In der syrischen Stadt Aleppo begräbt ein eingestürztes Wohnhaus 25 Menschen unter sich. Syrische Kampfjets haben im Duett mit russischen das Gebäude in Schutt und Asche verwandelt. In den Trümmern werden später die Leichen von Kindern geborgen. Sie sind Opfer eines Bürgerkrieges, der das Land im Nahen Osten in die Steinzeit katapultiert hat. Doch jenseits der Grenze im Irak sieht die Situation nicht wesentlich besser aus. In drei sogenannten Golfkriegen und immer wiederkehrenden Wirtschaftsembargos hat die Bevölkerung über Generationen hinweg das Überleben aber auch das Kämpfen gelernt. Krieg, Zerstörung und Armut haben dem IS-Staat und seiner Miliz den Weg geebnet und einen Nährboden für unendlichen Hass geschaffen.

Der Tod ist in diesen Regionen der Welt ein ständiger Begleiter. Er löscht Leben aus und begräbt die Hoffnung. In der fernen Schweiz verhandeln indes Vertreter von Großmächten über die Lage im Bürgerkriegsland Syrien. Sie schmieden Allianzen, besprechen ihre taktische Vorgehensweise, entwickeln Strategien mit Bündnispartnern und setzen neue Ziele für ihre politischen und militärischen Missionen. Währenddessen treffen Waffentransporte in Saudi-Arabien ein. Die selbstgesteuerten Raketen, entwickelt in einem westlichen Industriestaat, werden später Häuser im Jemen dem Erdboden gleichmachen und Menschen unter den Trümmern begraben. Diese Menschen werden Opfer einer vermeintlich hochentwickelten Technologie und eines zweifelhaften Fortschritts.

Krieg ist global. Er ist ein lukratives Geschäft und kennt keine Grenzen. Warum sollte er auch? Wer seine Spielregeln bestimmt, kann gut von diesen leben. Ähnlich verhält es sich mit dem Terror. International gesehen ist der Terrorismus, von einem Staat ausgeübt oder einer radikalen Gruppierung, ein Big Business.

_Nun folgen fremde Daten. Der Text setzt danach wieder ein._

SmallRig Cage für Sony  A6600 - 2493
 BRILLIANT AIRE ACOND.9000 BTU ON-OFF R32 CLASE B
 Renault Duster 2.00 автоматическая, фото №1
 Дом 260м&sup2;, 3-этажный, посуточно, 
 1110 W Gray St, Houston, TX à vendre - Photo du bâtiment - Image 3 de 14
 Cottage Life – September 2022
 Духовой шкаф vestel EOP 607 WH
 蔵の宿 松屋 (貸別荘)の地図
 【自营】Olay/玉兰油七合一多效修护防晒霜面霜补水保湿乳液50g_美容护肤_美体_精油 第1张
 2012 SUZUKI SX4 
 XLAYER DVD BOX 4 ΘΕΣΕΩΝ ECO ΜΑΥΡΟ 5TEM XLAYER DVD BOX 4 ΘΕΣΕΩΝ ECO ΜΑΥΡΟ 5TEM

Ein globaler Wirtschaftszweig, hinter dem bestimmte Interessen und Absichten stecken – irrational, unbegreiflich und menschenverachtend – aber selbst wenn Millionen sterben, profitieren einige wenige von ihrem Tod. Religionen und Ideologien sind den wahren Beweggründen vorgeschoben. In Wirklichkeit geht es um Bereicherung, Machtentfaltung, Ausbeutung, Unterdrückung und Unterwerfung ganzer Bevölkerungen.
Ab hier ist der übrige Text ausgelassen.